Sims v Hawkins

JurisdictionEngland & Wales
JudgeLord Justice Rix,Lord Justice Keene,Lord Justice Lloyd
Judgment Date14 November 2007
Neutral Citation[2007] EWCA Civ 1175
Docket NumberCase No: B2/2007/0158
CourtCourt of Appeal (Civil Division)
Date14 November 2007

[2007] EWCA Civ 1175


Lord Justice Rix and

Lord Justice Keene and

Lord Justice Lloyd

Case No: B2/2007/0158

EX 190058






Royal Courts of Justice

Strand, London, WC2A 2LL

Mr Andrew Parsons (instructed by Messrs Cresswell & Co) for the Appellant

Ms Katie Scott (instructed by Messrs Clarke Willmott) for the Respondent

Hearing dates: 10 October 2007

Lord Justice Rix

This appeal is about the payment of costs by a non-party, pursuant to section 51(3) of the Supreme Court Act, 1981. 1 In Aiden Shipping Co Ltd v.
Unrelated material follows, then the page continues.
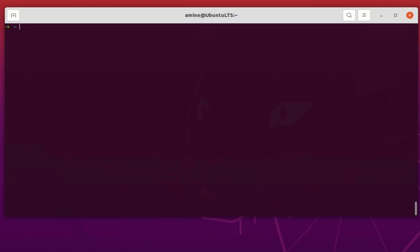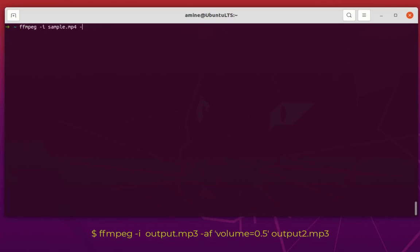Finally, you can also change the volume of any audio file. For example, to decrease the volume by half, provide the input audio file output.mp3, add the option -af volume=0.5, and give the output filename output2.mp3.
Interbulk Ltd (The Vimeira) [1986] AC 965, the House of Lords held that this provision gave such power to the courts to order a non-party to pay costs. Lord Goff of Chieveley said (at 981A/B):

“Courts of first instance are, I believe, well capable of exercising their discretion under the statute in accordance with reason and justice…If any problem arises, the Court of Appeal can lay down principles for the guidance of judges of first instance…”
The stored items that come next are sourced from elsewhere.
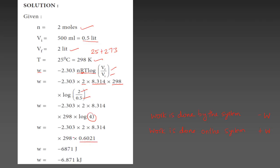The work done comes out to minus 6871 joules. Dividing by 1000, that gives minus 6.871 kilojoules.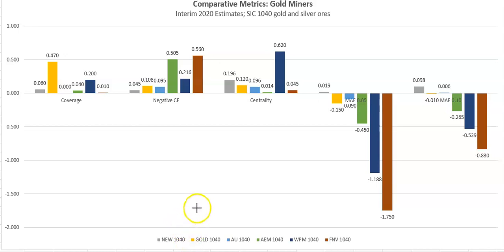Hello and welcome back to cautionary global financial analysis. This is a comparison between gold miners, specifically SIC 1040 gold and silver ores. These are six mining companies focused on gold and some silver, and possibly other precious metals.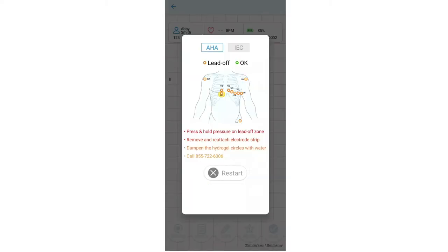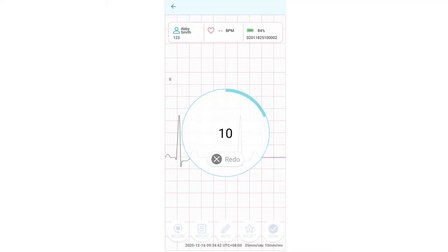This screen displays the status of the leads on the patient's body, which only shows when there's a lead off error. If the lead icon shows lead off, please follow the on-screen troubleshooting tips. When troubleshooting is successful, the app will automatically continue recording a 10-second ECG.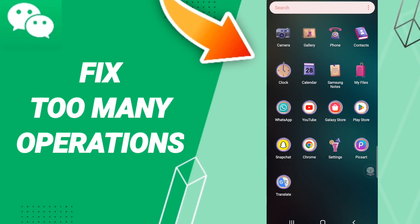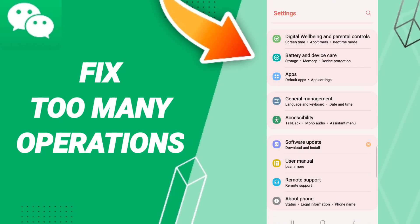Hello everyone, today I'll show you how to fix or solve WeChat 'too many operations' error. You should just go to Settings, after that click Apps, Default Apps, App Settings.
Twenty years later the jurisdiction is well recognised, and has been applied in a variety of situations. As Lord Goff foresaw, the court of appeal has given guidance as to general principles. There are a number of well-known decisions in which these principles have been worked out, such as Symphony Group plc v. Hodgson [1994] QB 179, Murphy v. Young & Co's Brewery plc [1997] 1 WLR 1591, Hamilton v. Al Fayed (No 2) [2002] EWCA Civ 665, [2003] QB 1175, and Arkin v. Borchard Lines Ltd [2005] EWCA Civ 655, [2005] 1 WLR 3055. Of particular importance is a recent decision of the Privy Council, Dymocks Franchise Systems (NSW) Pty Ltd v. Todd [2004] UKPC 39, [2004] 1 WLR 2807. The principles laid down in these authorities are not in dispute, and it is not suggested in this appeal that the judge got the law wrong. It is now well-established that one of the principal questions for the court is whether the non-party (who renders himself liable to the regime, whether by funding or controlling the litigation or even in some other way) is the “real party” to the litigation: see Dymocks at para 25.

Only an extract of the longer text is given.